And 5 Reasons Snowflake’s Data Sharehouse Does
For the past decade the technology world has been obsessed with APIs. While the nature of the APIs themselves has changed over the years (e.g. from SOAP to REST), the premise has always been the same—APIs are the way to allow different systems to share information. This doctrine is so well accepted, no one questions it. Certainly, for transactional processes, such as creating a user account, APIs work fine.
But what about a Service Provider wanting to share usage data with an Enterprise customer? Let’s say they want to share performance and operational time series data for a global network, which could easily run to many Terabytes.
It’s straight forward to provide an API to query usage data for a certain historical period. However standard BI tools don’t talk to APIs directly. In this case, the Enterprise would use the APIs to query the usage data from the Service Provider and then store it locally, typically in a SQL database. In this case APIs are used as an interface for creating a copy of the data. But there are problems with this model of data sharing.
Why APIs won’t work for data sharing
1. The data is being stored twice (probably more than twice in most cases)—incurring additional cost.
2. Since APIs usually cannot handle massive quantities of data in single queries (and should have abuse protection built in to prevent people from trying), in order to pull a complete history will require scripting to import data in small chunks at a time creating a big processing overhead on extraction.

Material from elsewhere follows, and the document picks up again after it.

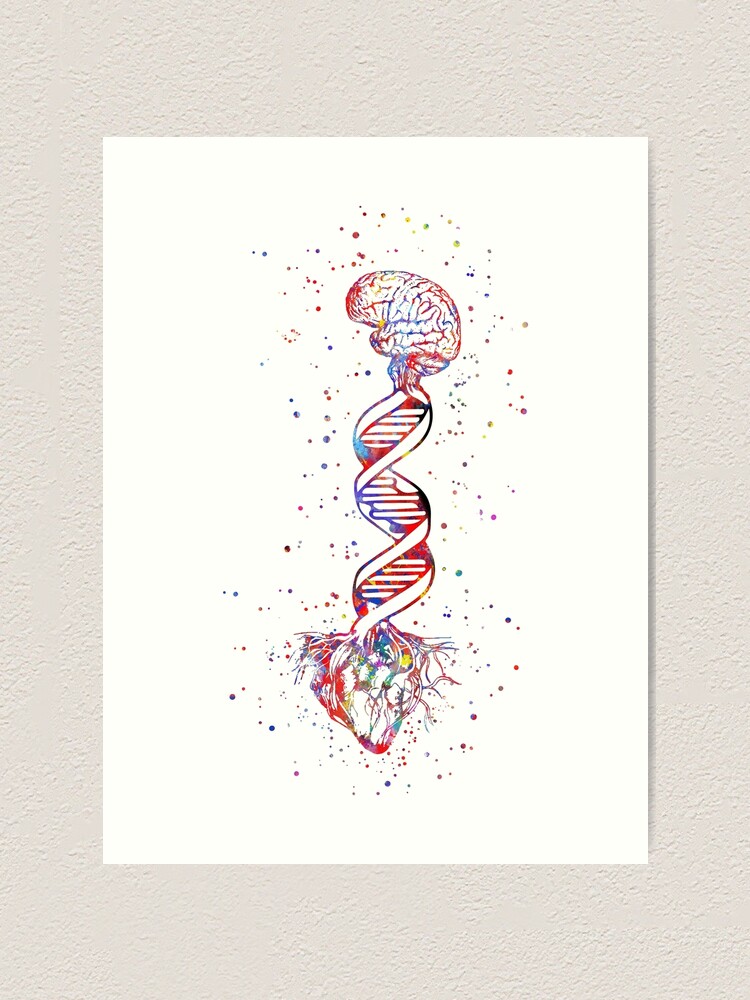 DNA / SCATTER THE BRAIN ジャパメタ VIRUS DNA Scatter the brain CD 未開封 (X/virus/ヴァイラス/VOLCANO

3. When new data is added, the Enterprise needs to poll for new data (which introduces delay) or use a streaming API like a WebSockets which requires a lot of sophisticated development to manage reconnections, collecting missing data, etc.
4. If the Service Provider needs to make a change or fix an error in historical data, it’s very hard for the Enterprise to discover this and make the associated updates.

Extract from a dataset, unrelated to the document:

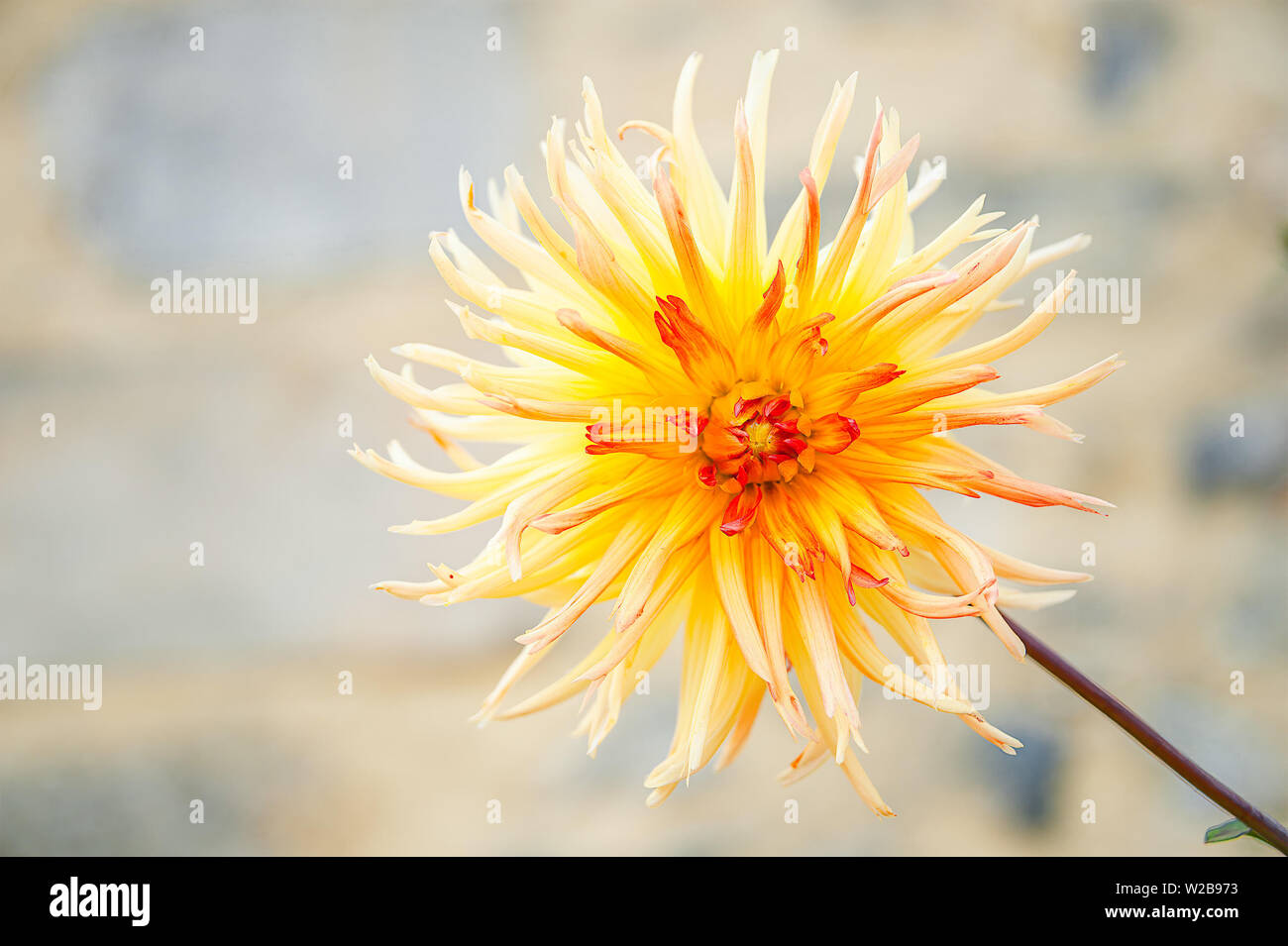 Blüte Gelb-rote Disteln Blume in der Sonne mit einer geringen Tiefenschärfe genommen. Stockfoto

5. There are enormous issues associated with trying to keep copies of a data set in sync and correct. This is especially problematic when monitoring SLAs or other contentious topics—if the Service Provider and the Enterprise have differences in their data, both will be adamant that they are right—there is no single source of truth.
Snowflake Data Sharing eliminates ALL these issues. The Service Provider can provide a Secure View onto the data for the Enterprise who can then use this data in a form that is ready for consumption by BI tools. There are some clear benefits and advantages.

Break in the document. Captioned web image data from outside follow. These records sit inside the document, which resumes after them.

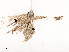  ( - CBG-A58661-F11)  @11 [ ] CreativeCommons - Attribution Share - Alike (2025) CBG Photography Group Centre for Biodiversity Genomics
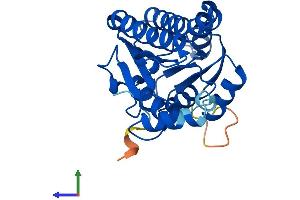 AlphaFold protein structure predicition of Human Recombinant HSD17B8 Protein, UniprotID Q92506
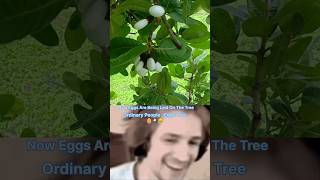 What is The white bhilawa tree 🌴 🥚 ytshorts shorts shortvideos viralvideos facts [upl. by Aredna]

Why Snowflake’s Data Sharehouse works
1. Data is stored once and only once
2. There is no effort or processing required to enable access to a long history of data
3. There is no effort or processing required to get the most recent data as it is written
4. Any bulk updates to historical data are seen by the Enterprise instantly
5. The data as seen by both the Service Provider and the Enterprise is guaranteed to be identical—since there is only one physical copy of the data in existence, there is now a single source of truth
APIs can now be relieved of the burden of analytics and data extraction and be used for what they are good at—transactional processing. And data sharing can now live up to the promises being made with the use of Snowflake’s unique data sharehouse capability.